De crisis zal uiteindelijk zeker 500 doden kosten, mogelijk een veelvoud. Zo’n 400.000 Burundezen vluchten naar de buurlanden, vooral naar Tanzania. De militaire en politieke kern achter de staatsgreep worden goed ontvangen door het Rwandese regime dat de onrust in Burundi geregeld weer oppookt . Sommigen komen in België terecht. Jarenlang zullen zij proberen om het verzet tegen Nkurunziza op te bouwen maar zonder veel succes. Sommigen keren na enkele jaren terug naar huis, anderen geven hun politieke actie op. De afgelopen jaren was Petero Nkurunziza erin geslaagd om zijn land min of meer te stabiliseren, ondanks de sancties van verschillende Westerse donoren, ook België.

En nu?

Voor de verkiezingen dit jaar stelt hij zich uiteindelijk niet kandidaat hoewel hij dat volgens de aangepaste grondwet had kunnen doen. Zijn partij schuift Evariste Ndayishimiye naar voor. Die haalt het met vlag en wimpel van een andere Hutu-kandidaat. Van een dreiging met een genocide op de Tutsi’s wordt niet meer gesproken. De pers staat alweer zwaar onder druk. De politieke vrijheden worden zeker niet gegarandeerd voor iedereen en de angst voor de almachtige partij van de president blijft heersen. Toch aanvaarden de Westerse landen de uitslag en verwelkomen ze de nakende vreedzame machtsoverdracht van de ene president naar de andere, gepland in augustus. Alleen dat al is uitzonderlijk in de regio.

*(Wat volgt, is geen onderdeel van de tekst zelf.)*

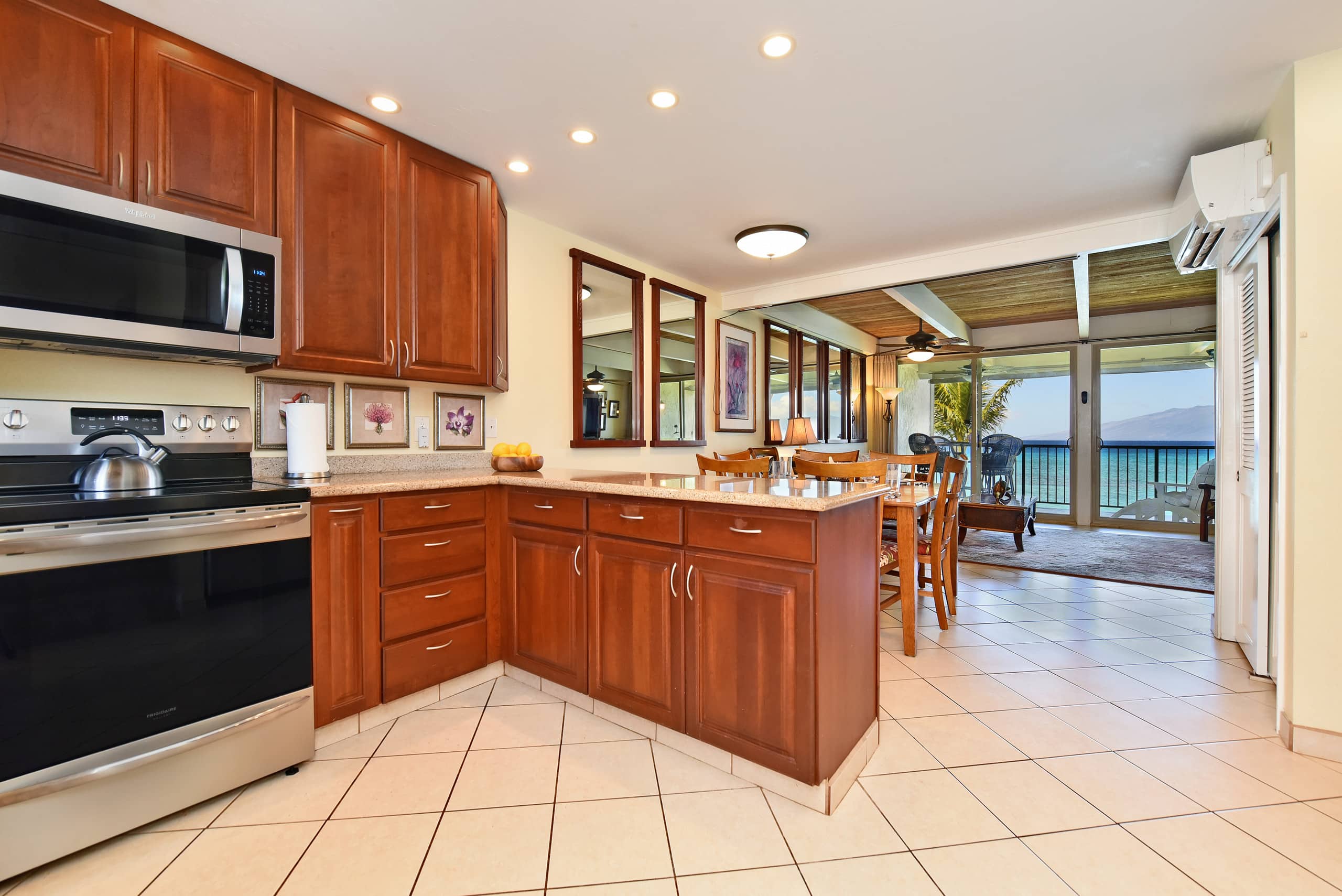 Condo in Lahaina · ★4.86 · 2 bedrooms · 4 beds · 2 baths - Image 9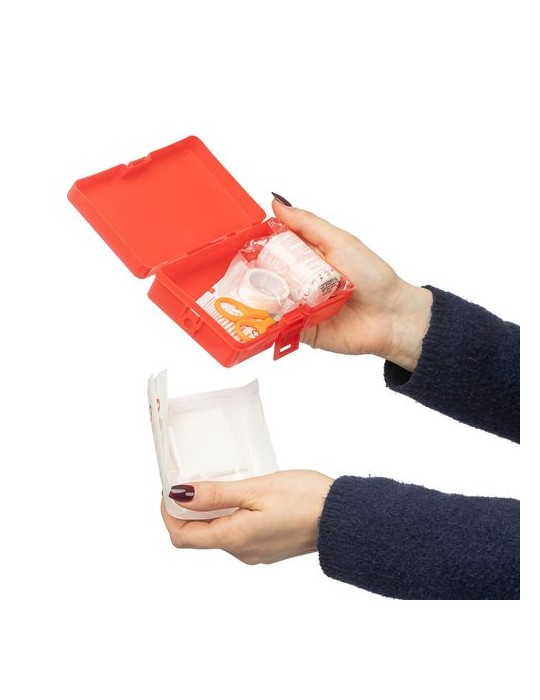 Trousse de premiers secours PP Amina Matières : polyester Couleurs : rouge goodies publicitaire événementiel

De plotse dood van de machtigste man van Burundi gooit nu roet in het eten.

Als de entourage van Nkurunziza, grotendeels de entourage van de aankomende president, erin slaagt om de kalmte te bewaren zou dit het begin kunnen worden van een nieuwe relatie met de Westerse donoren. Die raken nu onverwacht verlost van de man die terecht of onterecht het imago had gekregen van een dictatoriale heerser, zeker sinds de crisis van 2015.

Maar als opposanten in het binnenland én het buitenland, zeker in Rwanda, gebruik zouden maken van deze nieuwe slag om een machtsgreep te plegen, dan riskeert Burundi een zoveelste periode van onstabiliteit en dus heel veel ellende, tot diep in de heuvels. Nu al zijn in Bujumbura tegenstanders van Nkurunziza opgepakt die zijn dood aan het vieren waren. De hardnekkige geruchten dat de president vergiftigd zou zijn wijzen er al op dat er veel achterdocht en angst heerst. Een snelle machtsoverdracht naar de pas-verkozen president en voldoende internationale steun voor diens bewind kan mogelijk voorkomen dat een van de armste landen ter wereld opnieuw wegzinkt in een diepe tragedie na de dood van de man die ondanks alles vijftien jaar lang enige hoop had gebracht diep in de heuvels.